Recently, I've been busy preparing various directories for additional archiving in Linux (it's about files from the /var/log/ location) containing archives of reports of performed operations in the system and running programs (services such as www etc.). Since I often use archiving to RAR format, I decided to see if it would work in this case as well.
I performed the test on Debian 11 (Linux kernel 5.10.0-13-amd64), on a system with 2 Xeon E5-2630L v2 processors, equipped with 64GB of RAM and an SSD (SATA) drive.

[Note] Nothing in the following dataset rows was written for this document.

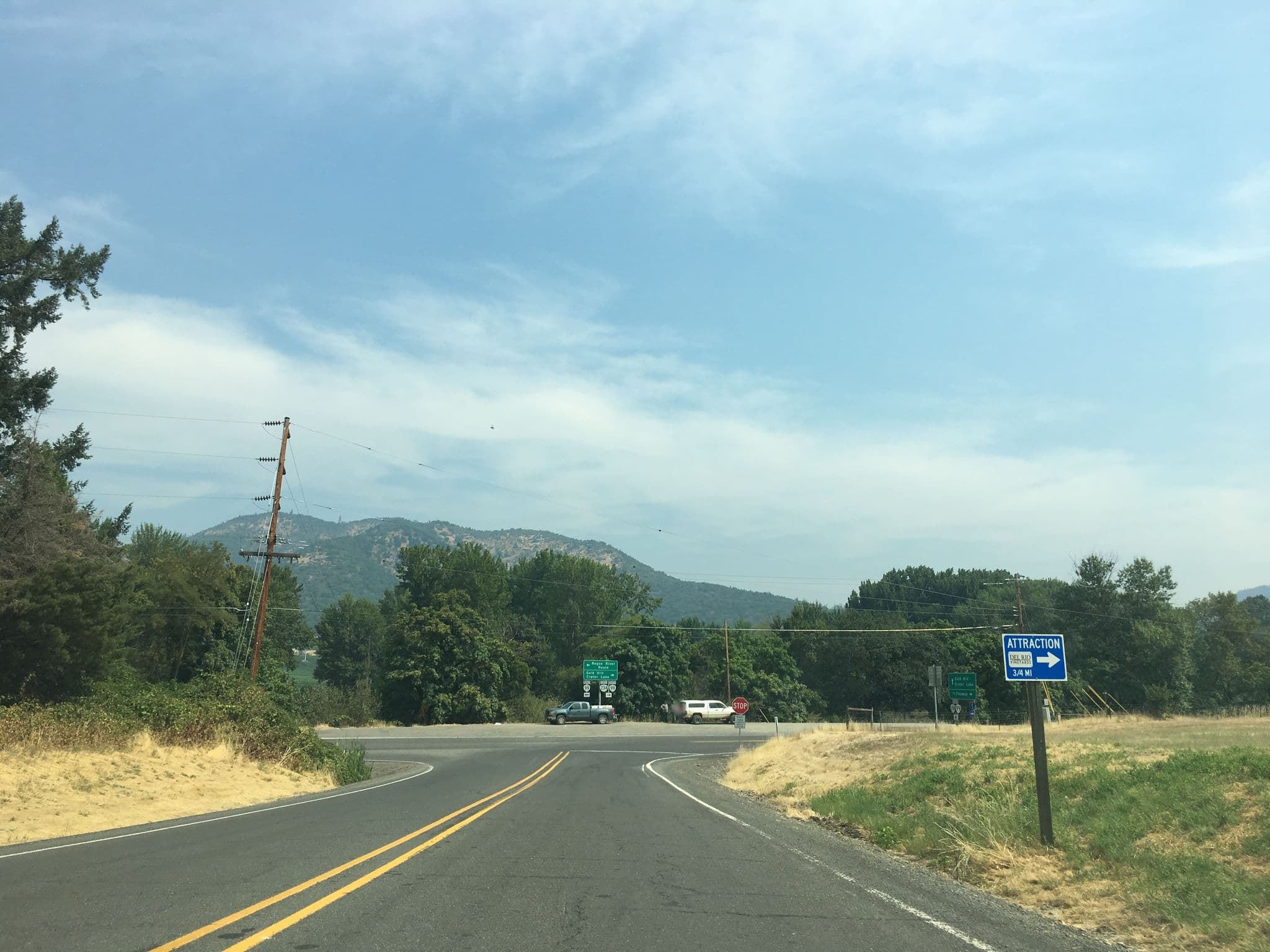 Street view near Rogue River Guest House, Gold Hill — © njohart (CC BY-SA · Mapillary)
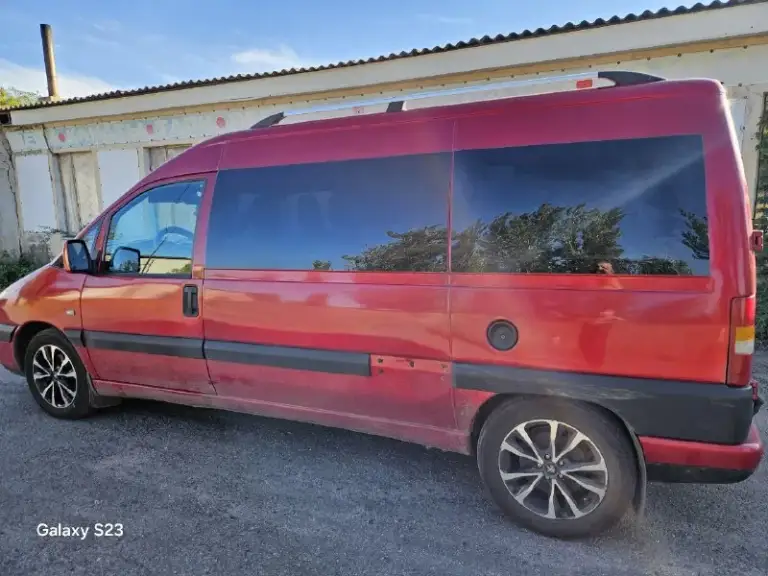 Доброго дня!
Продаю своего помощника и трудягу.
Peugeot expert, 2004г. В. , 2.0 hdi, 450к пробега. Цена - 700 000 руб.
Авто в идеальном техническом состоянии (несмотря на возраст и пробег). Кондей работает, музыка - на андроид, ходовка очень мягкая. Владею 13 лет. Использую только для дальних поездок. Из последних вложений - замена коробки (два года назад). Разумный и обоснованный торг приветствуется.
Осмотр дебальцево. : +7(949)815-61-10
Приезжайте, смотрите, не разочаруетесь.

📞 Звоните: +7(949)8156110 - фотография - 4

First, I created a tar archive of the entire /var/log directory using the command "time tar -pcf log.tar /var/log". The created archive occupies 1.7GB on the disk. Below are the results done with these commands:
rar archiving (registered v 6.12, from the manufacturer's website): time rar a -m5 -ma5 -md64m -mt24 -r /log.rar /log.tar
bzip2 archiving (v 1.0.8, installed with apt): time bzip2 -k -z -9 log.tar
lbzip2 archiving (v 2.5, installed with apt): time lbzip2 -k -z -9 log.tar
The time command allows you to determine the amount of time the command used to run. Here are the results:
Archive (file name) | Archive creation time (seconds) | File size (KB) |
log.tar | 2,64 | 1758197 |
log.rar | 36,87 | 276366 |
log.tar.bz2 (bzip2) | 313,06 | 275410 |
log.tar.bz2 (Lbzip2) | 7,83 | 274947 |
As you can see, the best performance is in archiving to a bz2 file, using lbzip2 (which is a bzip2 implementation capable of using multiple cores, hence the big speedup).